Princesa industrial

Acho melhor olhar o contrato.


Eram quase três da manhã quando Felipe estacionou na porta da minha casa. Saí do carro e entrei em casa na ponta dos pés. Assim que fechei a porta atrás de mim ouvi risadas. Entrei na sala onde estavam meus pais, meus futuros sogros e meu futuro marido:

–Meu amor, ainda bem que você chegou. Estávamos começando a nos preocupar. - Miguel disse se levantando e me dando um selinho.

–Onde você estava com a cabeça, Milena? Chegar tarde deste jeito e ainda deixar seu noivo esperando.- Disse meu pai fingindo ser razoavelmente amigável.

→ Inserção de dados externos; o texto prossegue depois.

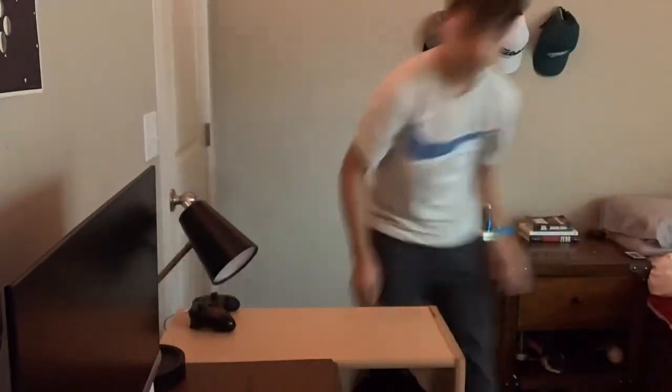All right guys, so I finished my desk, completely done, and I'm very happy with the way it turned out. So let me just tell you the process before I show you guys. I got everything out, put everything together, realized that I'm gonna need to reroute all my cables. I'm just not gonna show that on camera because that takes an hour or two, so I'm not gonna film it.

–Eu saí com alguns amigos, já que daqui aproximadamente um ano eu estarei casada. E por este mesmo motivo eu presumi que não teria problema chegar um pouco mais tarde em casa. Também não achei tão absurdo deixar meu noivo esperando já que eu encontrei com ele algumas horas atrás no lugar em que eu estava. - Sorri sarcástica. - Agora se me dão licença, eu vou dormir. Por ser a única menor de idade no recinto eu tenho aula amanhã. Boa noite a todos.

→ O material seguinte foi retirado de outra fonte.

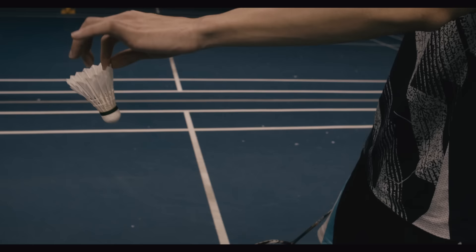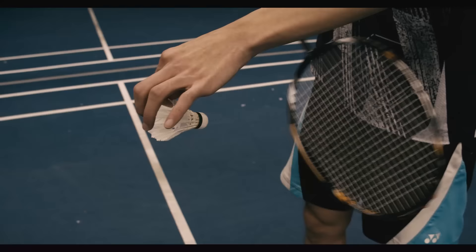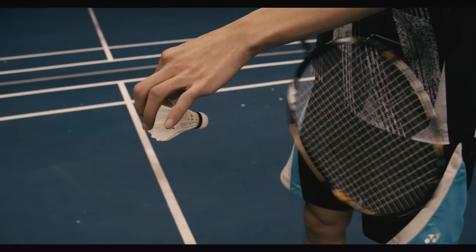All right, so when you hold the shuttle to do a spin serve, you twist the shuttle's head a little bit, facing in like this. Then when you connect with the shuttle, the racket face slides through to the sideway, then slices the shuttle's head to make the shuttle spin.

–Nem tão rápido, mocinha. - Disse meu pai já irritado. - Você acha que esta é a vestimenta adequada para alguém comprometido? O que seus sogros vão pensar de você? Da próxima vez que sair com seu noivo pense bem no que irá vestir.

– Eu acho que esta é a vestimenta adequada para uma adolescente, que é o que eu sou. Meus sogros vão pensar exatamente o que pensam neste momento, que eu sou a filha de alguém importante e que vou trazer muito dinheiro. E de acordo com todos os presentes nesta sala, tendo como base o dia em que conheci meu noivo, eu deveria usar apenas uma lingerie quando encontrar com ele. - Sorri rapidamente e virei de costas.

–Milena, eu não vou tolerar este tipo de comportamento. Você está de castigo. - Meu pai estava vermelho de raiva e minha mãe morrendo de vergonha.

–E qual será? Vai me mandar casar a força com alguém que eu acabei de conhecer? Espere, isso você já fez. - E saí da sala calmamente.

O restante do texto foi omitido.